Votre invitation a un genre radical : « Il s’agirait de reconnaître la possibilité de notre propre grain de folie » et « de rester ouvert à la question de la folie »
Je souhaite présenter les enjeux de votre livre.
Votre livre, admirablement articulé, est dépourvu de ce qu’on appelle « vignette clinique », censée agrémenter ce genre de littérature. Il n’y en a qu’un, qui, clairement vous concerne. Un tout-à-fait essentiel puisqu’il vous situe. Il vous situe au plus près de votre conception de l’objet « a ». De l’objet que je ne puis nommer « a » puisque jamais vous ne le nommez ainsi.

 

Essentiellement, là où nous est servie la psychose comme réalité, comme fait donné, vous nous invitez à, nécessairement,  penser la folie.
Un des antécédents majeurs de cette affaire est patent dans vos références : toujours affleure « D’une question préliminaire à tout traitement de la psychose ». Une autre possible référence (Foucault) est, pour le moins plus discrète.

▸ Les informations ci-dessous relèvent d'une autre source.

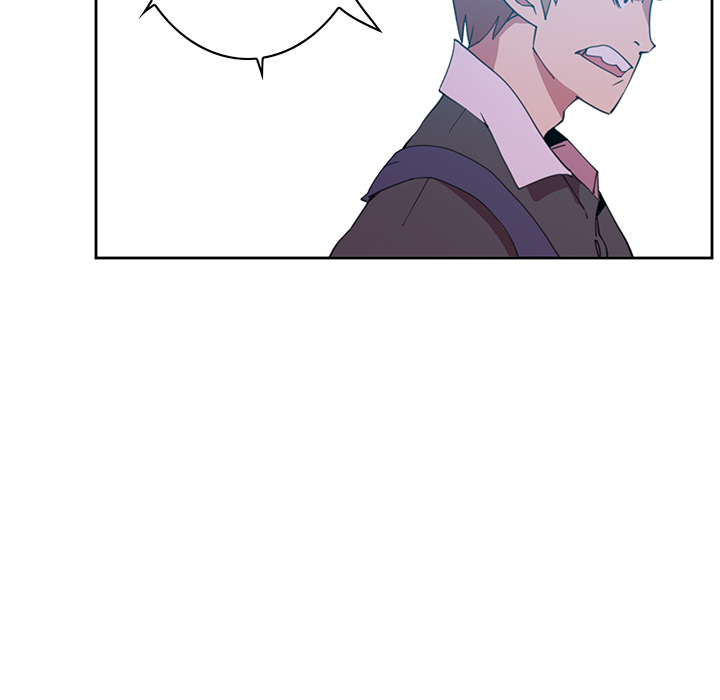 Bad Mom - Chapter 2 [photo 114] - MangaPorn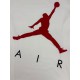 Тениска Jordan Jumpman Air 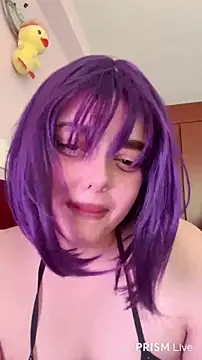 candicewest  online show from July 15, 2026, 4:34 pm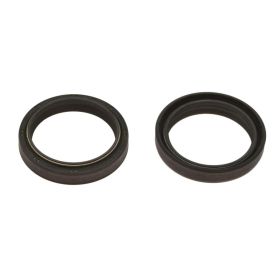 JMP Fork Seal Kit 46x58.1x9.5/11.5 nok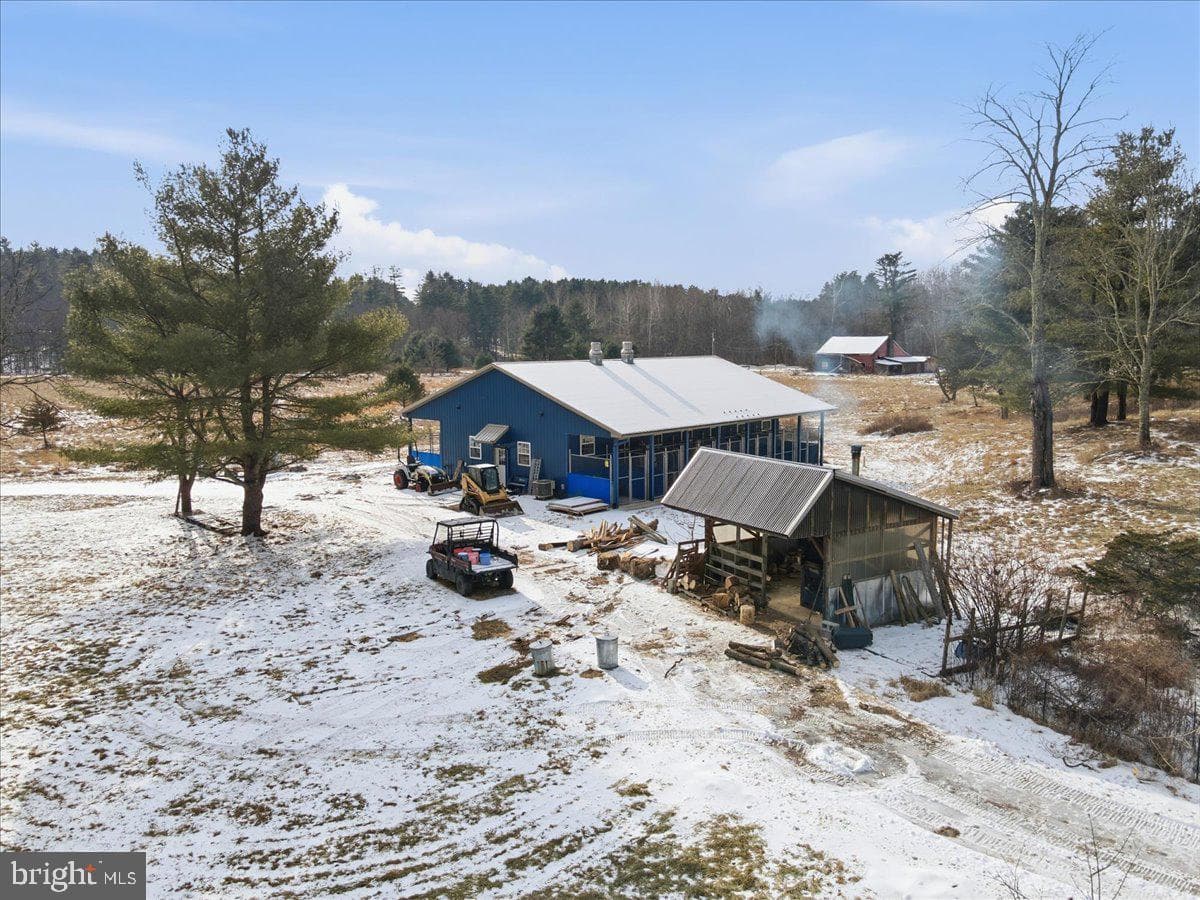 159 Colony Village photo 8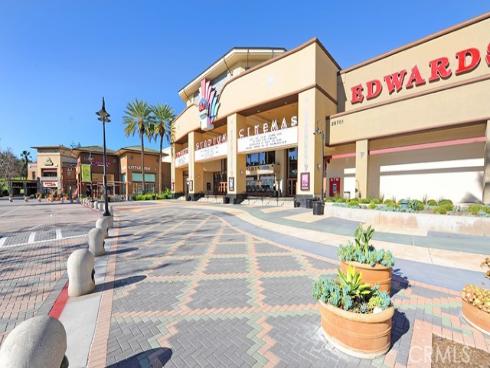 23405 Via San Pablo , Aliso Viejo, CA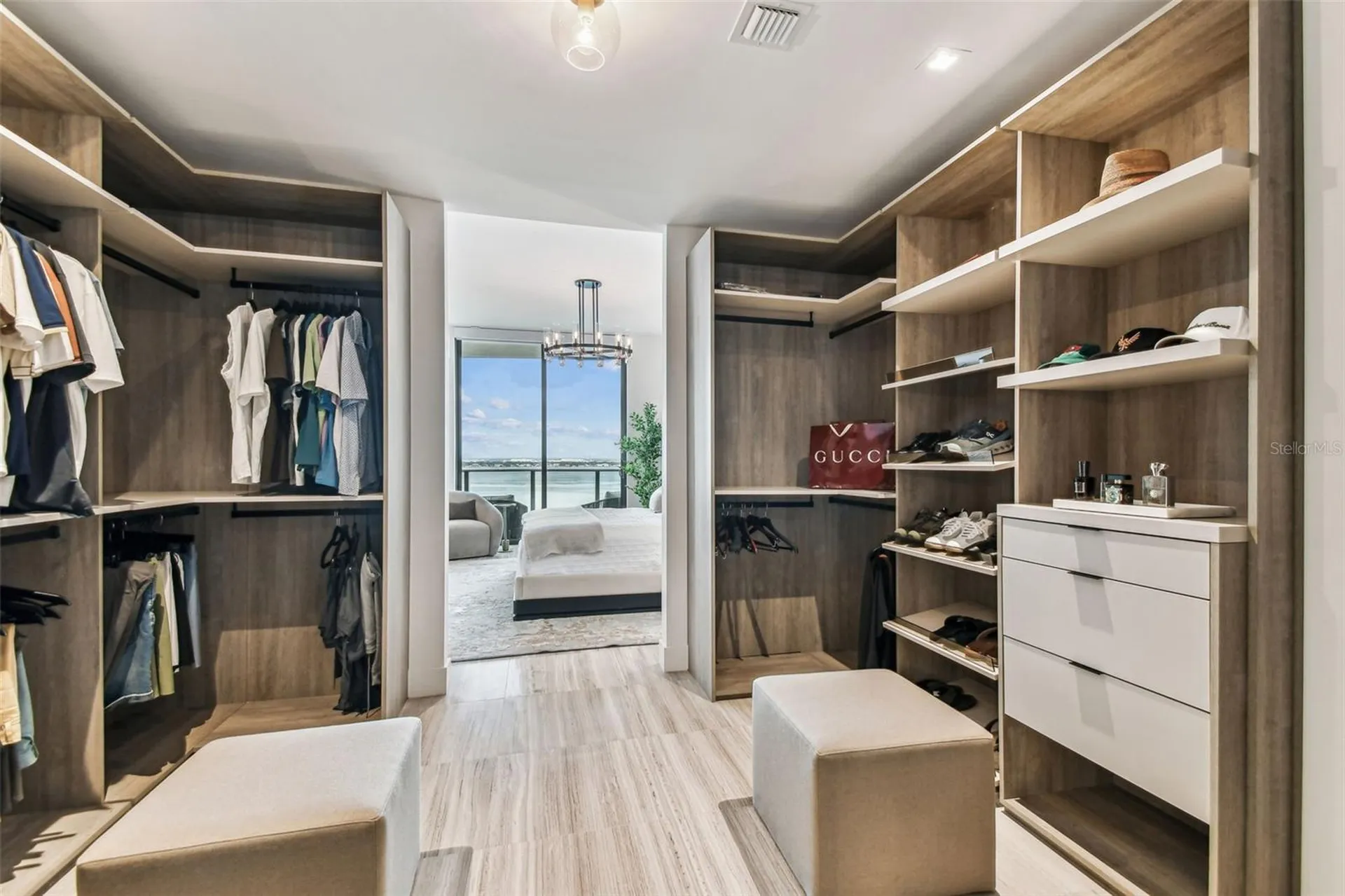 3101 Bayshore Boulevard Tampa FL 33629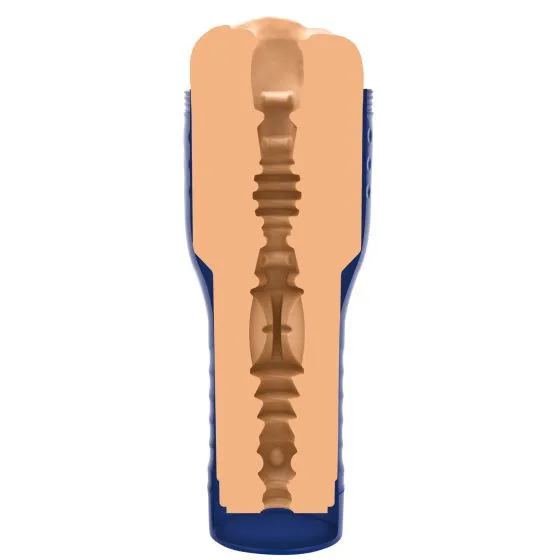 мастурбатор private tube jolee love-pussy в 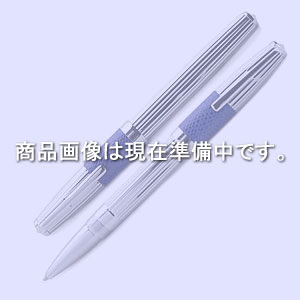 レシーフ ローラーボール ボールペン Corium ブラウン CORIUM_BR 母の日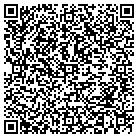 QR code with Par Excellence Learning Center contacts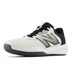 New Balance WCH696W6 All Court Dames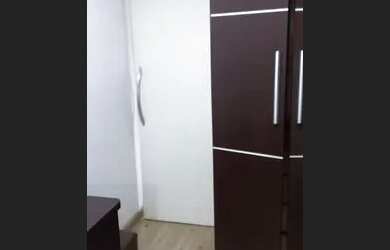 Imagem 3: ALUGUEL DE LINDA KIT MOBILIADA E DECORADA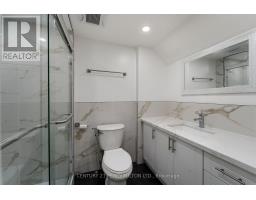 58 Love Crescent, Ajax, ON L1S4T2 Photo 16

Vous reprenez donc ce fil. Ca ne va pas sans un remuement général de la pensée. C’est donc une lecture qui n’est pas de tout repos. J’ai pris la précaution de cueillir quelques citations, histoire de vous en faire résonner la frappe :
« Il s’agit de mettre en question la réalité de la psychose au profit d’une pensée de la folie »
« Ce n’est pas un déni de la psychose, mais une procédure qui questionne la pensée, qui questionne la définition, son statut »
Tel est le mouvement introductif. Il est tenté, tenu jusqu’au bout.
Remuement de la pensée commune donc, qui nécessairement reprend les fondements : de ré-envisager ce que toute approche de notre pensée, toute approche de la question de l’existence de quelque objet que ce soit, doit aux modalités : possible, impossible, nécessaire et contingent. Rien ne peut être dit de l’existence de l’objet si on n’en passe par les Fourches Caudines des modalités, de la logique

Aristotélicienne à sa reprise Lacanienne Ca n’y suffit pas, bien évidemment. Il s’agit de s’atteler aussi à la question de l’universel. Et d’abord de le différencier strictement de la généralisation. Pour prendre les choses de façon sérieuse on ne peut pas considérer que quoi que ce soit vaut à fonder un concept si c’est seulement généralisation d’un certain nombre de cas. Il s’agit, pour que puisse s’affirmer un concept, d’en passer par la considération de l’universel. On oserait l’espérer à propos de bien des « nouveaux concepts » qui fleurissent dans le champ de la psychanalyse.
Mais continuons d’entendre la résonnance de votre frappe :
« Comment penser au-delà de la raison, comment penser l’antinomie nécessaire de la raison dans la déraison ? Penser la folie, c’est penser la question de la raison jusqu’à la déraison »
Ce « comment » s’appareille des modalités et de l’universel, et amène à ce que ne puisse être « entendable »  que conjointement : la pensée, l’homme, la femme, la folie. A entrer dans cette danse, il y a quelques chances qu’on en vienne à penser. Si par ce livre qui a son pesant de difficultés on accepte de se laisser porter par la ronde des reformulations

que fait-on de cette folie « hors » raison mais qui est à penser à partir d’elle ?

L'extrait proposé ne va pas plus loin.